Crawled caption data:
■ ■ ■ ■
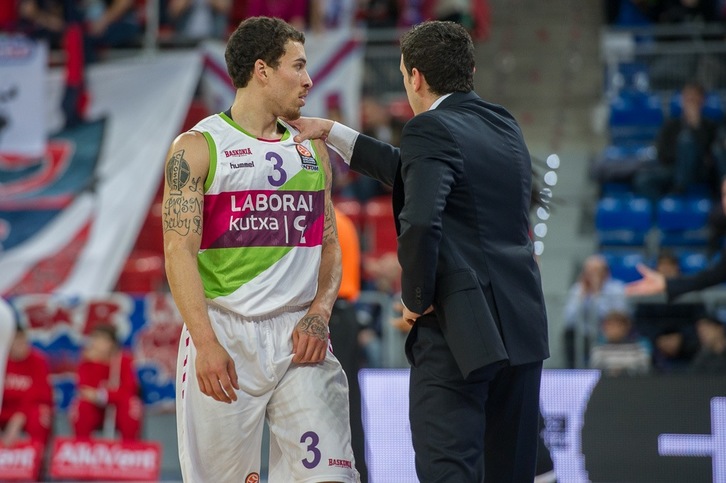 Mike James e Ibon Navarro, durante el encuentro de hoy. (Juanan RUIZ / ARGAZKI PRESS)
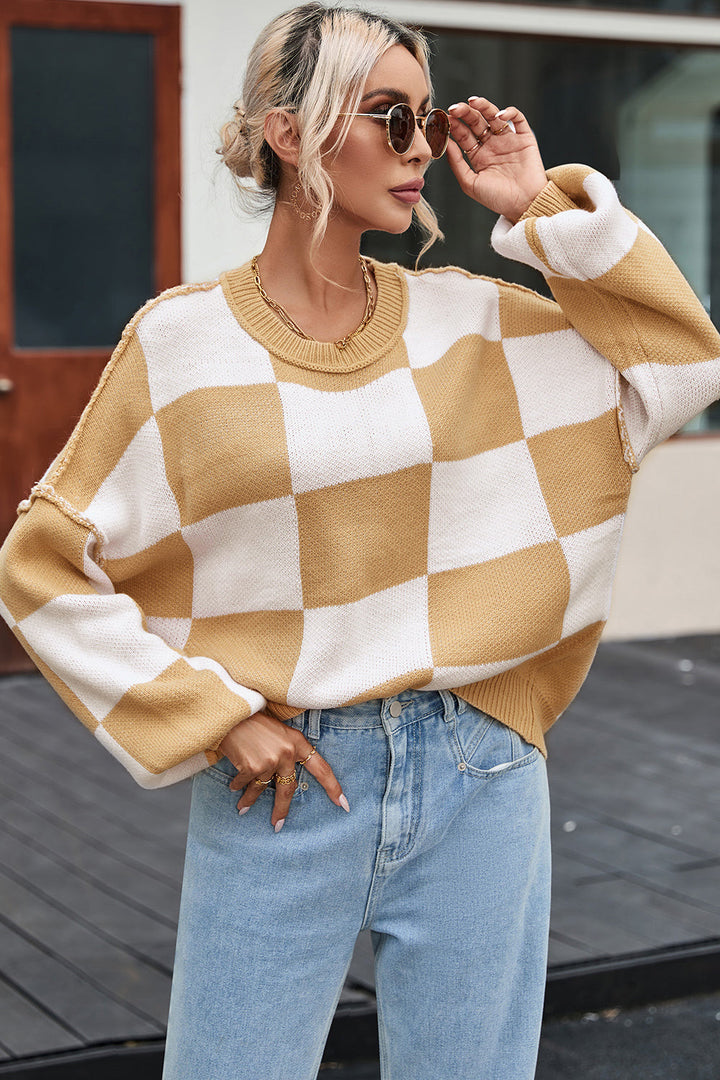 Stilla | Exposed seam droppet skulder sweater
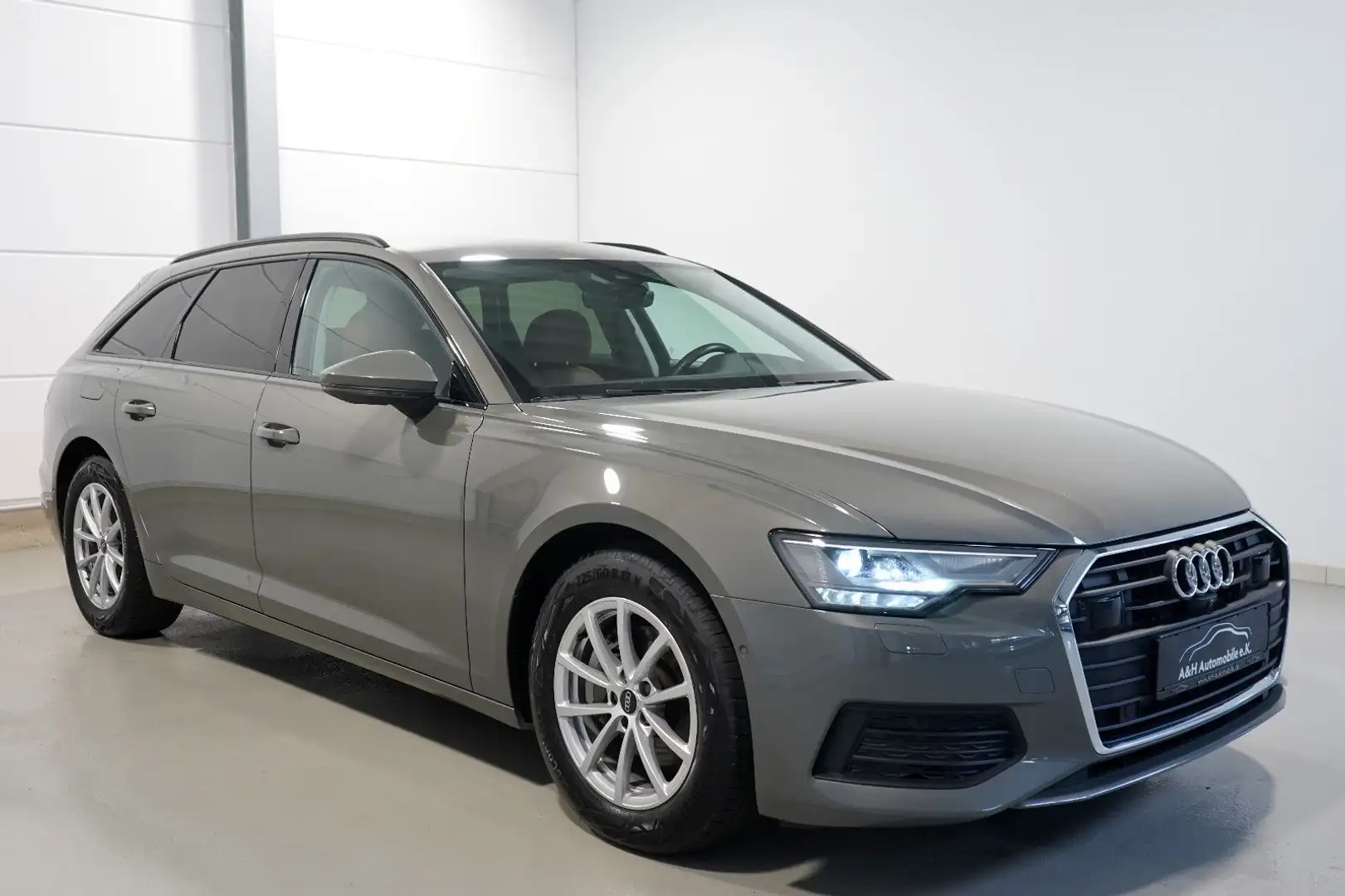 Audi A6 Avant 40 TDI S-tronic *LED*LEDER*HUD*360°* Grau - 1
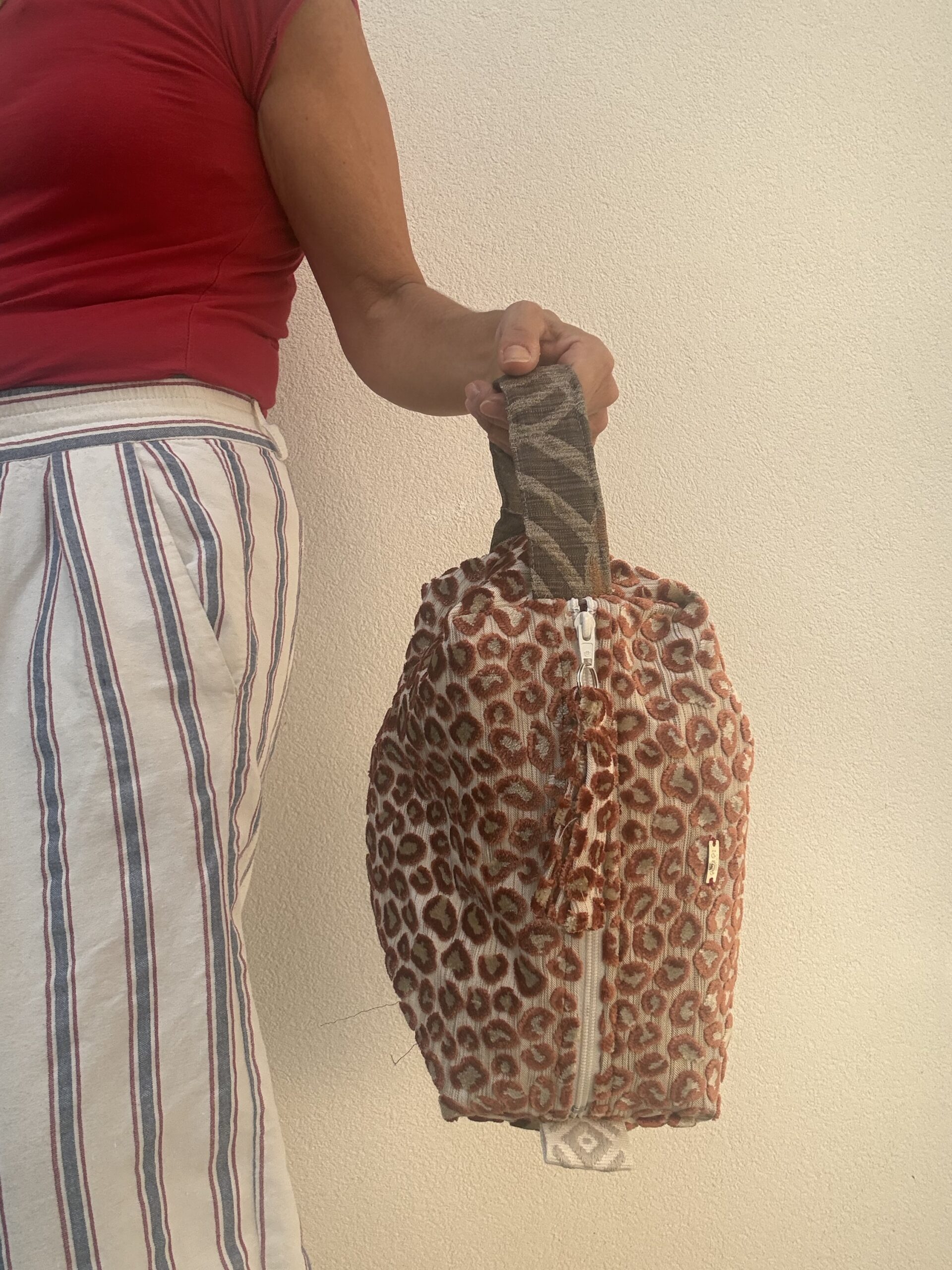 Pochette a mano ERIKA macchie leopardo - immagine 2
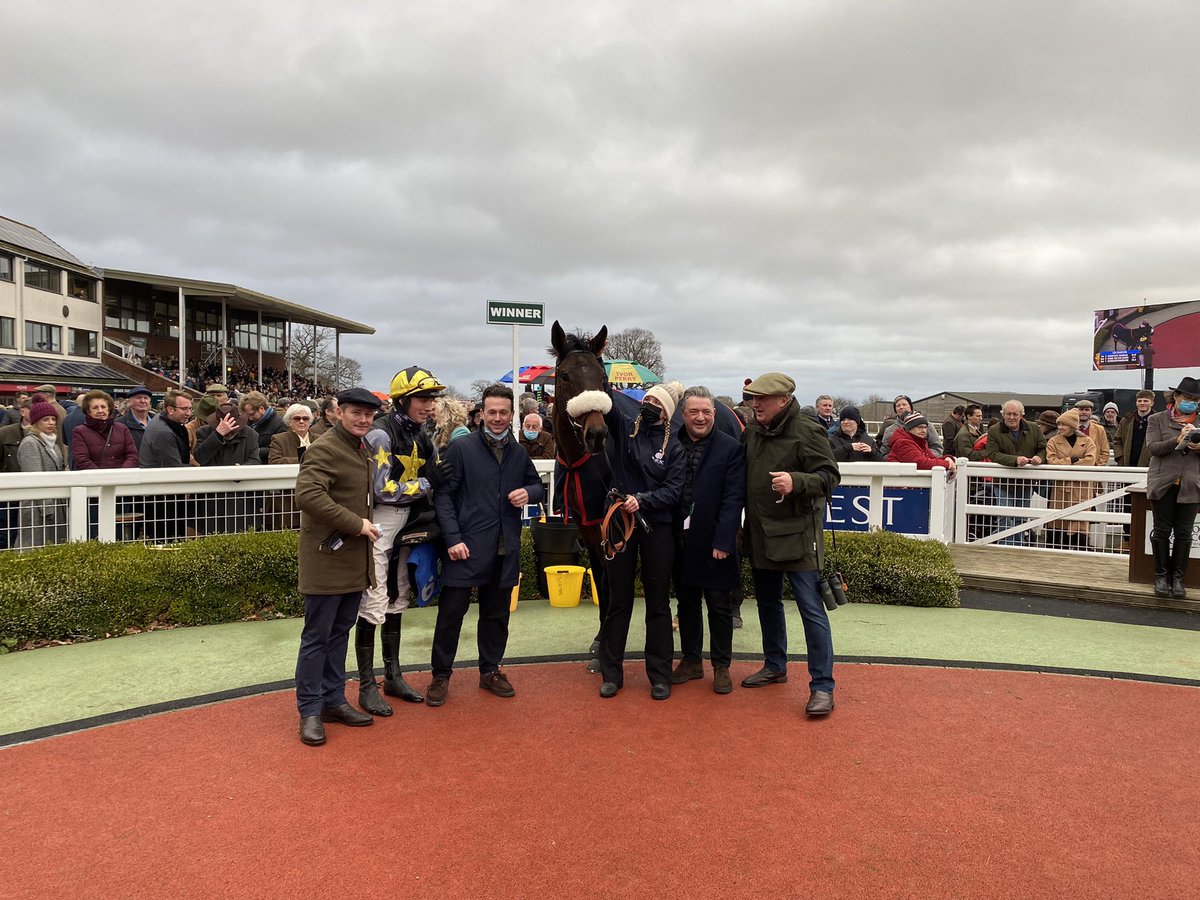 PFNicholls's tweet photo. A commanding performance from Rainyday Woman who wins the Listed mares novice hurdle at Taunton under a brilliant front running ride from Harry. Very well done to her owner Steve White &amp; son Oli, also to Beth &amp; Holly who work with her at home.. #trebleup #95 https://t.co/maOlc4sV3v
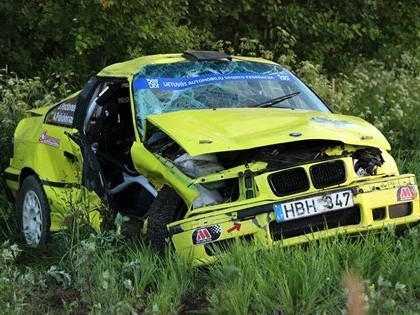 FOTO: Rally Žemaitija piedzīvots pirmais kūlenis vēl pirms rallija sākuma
■ ■ ■ ■
> [Problem to work on]: Would you provide an exact, picture-free copy of the data above?

> [Finished task]:
 Mike James e Ibon Navarro, durante el encuentro de hoy. (Juanan RUIZ / ARGAZKI PRESS)
 Stilla | Exposed seam droppet skulder sweater
 Audi A6 Avant 40 TDI S-tronic *LED*LEDER*HUD*360°* Grau - 1
 Pochette a mano ERIKA macchie leopardo - immagine 2
 PFNicholls's tweet photo. A commanding performance from Rainyday Woman who wins the Listed mares novice hurdle at Taunton under a brilliant front running ride from Harry. Very well done to her owner Steve White &amp; son Oli, also to Beth &amp; Holly who work with her at home.. #trebleup #95 https://t.co/maOlc4sV3v
 FOTO: Rally Žemaitija piedzīvots pirmais kūlenis vēl pirms rallija sākuma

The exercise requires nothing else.